What you need to do>
Your job with the data below is to output exactly the lines from the one holding "Masked and Answered" down to the one holding "Toy Story Cross Stitch Friends", both included, and no others.

[Data entries]

▼▼▼

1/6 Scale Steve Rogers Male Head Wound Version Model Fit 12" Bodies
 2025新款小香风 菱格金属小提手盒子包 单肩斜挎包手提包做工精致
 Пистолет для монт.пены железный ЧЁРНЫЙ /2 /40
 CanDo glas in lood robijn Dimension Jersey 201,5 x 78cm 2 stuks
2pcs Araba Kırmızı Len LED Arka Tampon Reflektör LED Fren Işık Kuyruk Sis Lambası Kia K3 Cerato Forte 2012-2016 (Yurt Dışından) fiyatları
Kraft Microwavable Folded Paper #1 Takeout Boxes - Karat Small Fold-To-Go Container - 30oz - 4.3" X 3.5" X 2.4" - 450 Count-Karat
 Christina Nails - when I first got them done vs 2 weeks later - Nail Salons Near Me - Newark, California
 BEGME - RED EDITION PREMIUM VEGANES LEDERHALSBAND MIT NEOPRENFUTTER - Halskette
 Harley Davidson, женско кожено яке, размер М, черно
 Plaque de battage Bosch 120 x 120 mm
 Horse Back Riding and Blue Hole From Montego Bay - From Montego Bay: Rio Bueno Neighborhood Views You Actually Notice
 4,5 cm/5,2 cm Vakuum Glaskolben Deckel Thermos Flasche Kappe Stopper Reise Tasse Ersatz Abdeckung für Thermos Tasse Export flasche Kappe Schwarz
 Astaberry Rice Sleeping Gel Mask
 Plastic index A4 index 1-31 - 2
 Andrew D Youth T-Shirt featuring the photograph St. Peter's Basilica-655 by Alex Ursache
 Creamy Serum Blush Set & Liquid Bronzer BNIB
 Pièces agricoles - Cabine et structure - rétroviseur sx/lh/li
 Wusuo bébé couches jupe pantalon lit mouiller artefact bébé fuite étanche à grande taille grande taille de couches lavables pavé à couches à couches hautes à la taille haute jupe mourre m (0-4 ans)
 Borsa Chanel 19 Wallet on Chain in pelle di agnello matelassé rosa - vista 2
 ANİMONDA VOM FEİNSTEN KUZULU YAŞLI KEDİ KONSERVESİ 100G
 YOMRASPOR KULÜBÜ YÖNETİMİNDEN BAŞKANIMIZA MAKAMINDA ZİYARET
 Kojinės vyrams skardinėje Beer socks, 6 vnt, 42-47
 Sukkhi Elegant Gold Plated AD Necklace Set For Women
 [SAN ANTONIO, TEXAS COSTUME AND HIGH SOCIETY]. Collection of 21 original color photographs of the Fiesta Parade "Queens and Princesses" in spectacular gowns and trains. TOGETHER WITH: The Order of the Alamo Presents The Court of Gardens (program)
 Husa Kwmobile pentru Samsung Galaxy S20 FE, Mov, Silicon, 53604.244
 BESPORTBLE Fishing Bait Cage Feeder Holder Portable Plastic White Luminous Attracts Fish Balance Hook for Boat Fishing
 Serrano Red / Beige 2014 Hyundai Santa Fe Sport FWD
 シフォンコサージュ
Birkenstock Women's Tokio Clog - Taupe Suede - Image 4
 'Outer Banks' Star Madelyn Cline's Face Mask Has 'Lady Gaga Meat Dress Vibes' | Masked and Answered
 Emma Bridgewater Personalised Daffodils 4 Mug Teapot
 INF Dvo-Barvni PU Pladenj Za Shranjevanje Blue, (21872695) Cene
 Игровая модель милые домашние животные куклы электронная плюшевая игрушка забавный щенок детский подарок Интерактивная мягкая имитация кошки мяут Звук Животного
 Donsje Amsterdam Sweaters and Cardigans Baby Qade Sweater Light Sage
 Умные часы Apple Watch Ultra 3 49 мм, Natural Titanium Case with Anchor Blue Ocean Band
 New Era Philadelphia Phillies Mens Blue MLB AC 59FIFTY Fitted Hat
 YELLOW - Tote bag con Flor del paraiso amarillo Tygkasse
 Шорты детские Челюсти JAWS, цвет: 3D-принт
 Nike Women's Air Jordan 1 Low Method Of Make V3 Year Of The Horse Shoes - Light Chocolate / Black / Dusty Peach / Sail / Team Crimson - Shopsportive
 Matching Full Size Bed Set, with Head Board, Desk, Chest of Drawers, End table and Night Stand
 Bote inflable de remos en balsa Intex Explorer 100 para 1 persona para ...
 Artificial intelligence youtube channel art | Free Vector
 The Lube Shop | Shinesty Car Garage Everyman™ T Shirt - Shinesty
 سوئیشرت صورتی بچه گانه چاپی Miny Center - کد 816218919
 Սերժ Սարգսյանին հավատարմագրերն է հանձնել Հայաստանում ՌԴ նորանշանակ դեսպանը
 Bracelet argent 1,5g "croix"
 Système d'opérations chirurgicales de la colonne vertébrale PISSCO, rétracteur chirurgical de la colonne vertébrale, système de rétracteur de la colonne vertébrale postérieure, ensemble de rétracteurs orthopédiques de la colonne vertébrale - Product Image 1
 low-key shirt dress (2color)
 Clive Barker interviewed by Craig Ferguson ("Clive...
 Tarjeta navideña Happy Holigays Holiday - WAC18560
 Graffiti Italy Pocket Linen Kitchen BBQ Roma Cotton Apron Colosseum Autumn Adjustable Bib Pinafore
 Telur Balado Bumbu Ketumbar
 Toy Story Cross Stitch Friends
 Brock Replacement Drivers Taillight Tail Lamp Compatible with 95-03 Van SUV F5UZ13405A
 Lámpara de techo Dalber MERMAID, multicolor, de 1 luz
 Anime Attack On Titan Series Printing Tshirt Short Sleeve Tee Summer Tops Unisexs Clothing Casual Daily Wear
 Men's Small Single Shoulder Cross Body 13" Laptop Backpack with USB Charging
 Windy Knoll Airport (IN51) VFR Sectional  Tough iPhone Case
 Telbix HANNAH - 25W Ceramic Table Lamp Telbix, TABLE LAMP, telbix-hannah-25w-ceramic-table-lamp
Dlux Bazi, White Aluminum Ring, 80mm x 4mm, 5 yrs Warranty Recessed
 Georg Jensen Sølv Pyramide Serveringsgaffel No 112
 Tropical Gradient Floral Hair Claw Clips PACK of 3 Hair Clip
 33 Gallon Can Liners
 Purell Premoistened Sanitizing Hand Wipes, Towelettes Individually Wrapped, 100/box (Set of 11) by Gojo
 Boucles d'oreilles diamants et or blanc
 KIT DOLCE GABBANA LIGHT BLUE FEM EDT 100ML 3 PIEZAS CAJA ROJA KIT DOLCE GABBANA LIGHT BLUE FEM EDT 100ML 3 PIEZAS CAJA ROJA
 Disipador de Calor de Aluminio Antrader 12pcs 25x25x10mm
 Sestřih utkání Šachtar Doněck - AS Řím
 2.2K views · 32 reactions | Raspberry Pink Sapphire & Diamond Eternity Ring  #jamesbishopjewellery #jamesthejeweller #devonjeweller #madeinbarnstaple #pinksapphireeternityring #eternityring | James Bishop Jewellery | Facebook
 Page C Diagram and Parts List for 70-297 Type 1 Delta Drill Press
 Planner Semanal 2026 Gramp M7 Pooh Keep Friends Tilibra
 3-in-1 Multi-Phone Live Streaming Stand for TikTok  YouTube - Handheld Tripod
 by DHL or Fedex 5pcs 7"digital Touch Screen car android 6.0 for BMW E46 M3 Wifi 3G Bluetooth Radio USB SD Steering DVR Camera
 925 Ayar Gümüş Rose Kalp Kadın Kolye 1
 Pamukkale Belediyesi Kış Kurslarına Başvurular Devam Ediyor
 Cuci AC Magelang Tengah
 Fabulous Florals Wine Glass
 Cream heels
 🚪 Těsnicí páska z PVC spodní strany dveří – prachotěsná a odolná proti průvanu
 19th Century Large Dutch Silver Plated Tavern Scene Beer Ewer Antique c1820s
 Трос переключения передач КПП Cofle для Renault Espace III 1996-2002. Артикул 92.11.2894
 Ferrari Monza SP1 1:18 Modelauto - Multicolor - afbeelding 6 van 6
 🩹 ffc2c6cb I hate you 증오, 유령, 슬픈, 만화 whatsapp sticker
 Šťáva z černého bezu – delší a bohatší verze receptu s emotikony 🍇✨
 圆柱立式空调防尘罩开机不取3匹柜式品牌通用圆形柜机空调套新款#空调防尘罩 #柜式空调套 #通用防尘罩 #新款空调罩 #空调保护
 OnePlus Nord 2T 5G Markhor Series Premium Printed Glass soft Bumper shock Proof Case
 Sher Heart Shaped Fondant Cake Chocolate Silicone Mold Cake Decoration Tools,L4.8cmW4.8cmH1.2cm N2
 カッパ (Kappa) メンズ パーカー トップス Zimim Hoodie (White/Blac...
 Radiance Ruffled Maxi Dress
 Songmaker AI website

▲▲▲

Solution>
 'Outer Banks' Star Madelyn Cline's Face Mask Has 'Lady Gaga Meat Dress Vibes' | Masked and Answered
 Emma Bridgewater Personalised Daffodils 4 Mug Teapot
 INF Dvo-Barvni PU Pladenj Za Shranjevanje Blue, (21872695) Cene
 Игровая модель милые домашние животные куклы электронная плюшевая игрушка забавный щенок детский подарок Интерактивная мягкая имитация кошки мяут Звук Животного
 Donsje Amsterdam Sweaters and Cardigans Baby Qade Sweater Light Sage
 Умные часы Apple Watch Ultra 3 49 мм, Natural Titanium Case with Anchor Blue Ocean Band
 New Era Philadelphia Phillies Mens Blue MLB AC 59FIFTY Fitted Hat
 YELLOW - Tote bag con Flor del paraiso amarillo Tygkasse
 Шорты детские Челюсти JAWS, цвет: 3D-принт
 Nike Women's Air Jordan 1 Low Method Of Make V3 Year Of The Horse Shoes - Light Chocolate / Black / Dusty Peach / Sail / Team Crimson - Shopsportive
 Matching Full Size Bed Set, with Head Board, Desk, Chest of Drawers, End table and Night Stand
 Bote inflable de remos en balsa Intex Explorer 100 para 1 persona para ...
 Artificial intelligence youtube channel art | Free Vector
 The Lube Shop | Shinesty Car Garage Everyman™ T Shirt - Shinesty
 سوئیشرت صورتی بچه گانه چاپی Miny Center - کد 816218919
 Սերժ Սարգսյանին հավատարմագրերն է հանձնել Հայաստանում ՌԴ նորանշանակ դեսպանը
 Bracelet argent 1,5g "croix"
 Système d'opérations chirurgicales de la colonne vertébrale PISSCO, rétracteur chirurgical de la colonne vertébrale, système de rétracteur de la colonne vertébrale postérieure, ensemble de rétracteurs orthopédiques de la colonne vertébrale - Product Image 1
 low-key shirt dress (2color)
 Clive Barker interviewed by Craig Ferguson ("Clive...
 Tarjeta navideña Happy Holigays Holiday - WAC18560
 Graffiti Italy Pocket Linen Kitchen BBQ Roma Cotton Apron Colosseum Autumn Adjustable Bib Pinafore
 Telur Balado Bumbu Ketumbar
 Toy Story Cross Stitch Friends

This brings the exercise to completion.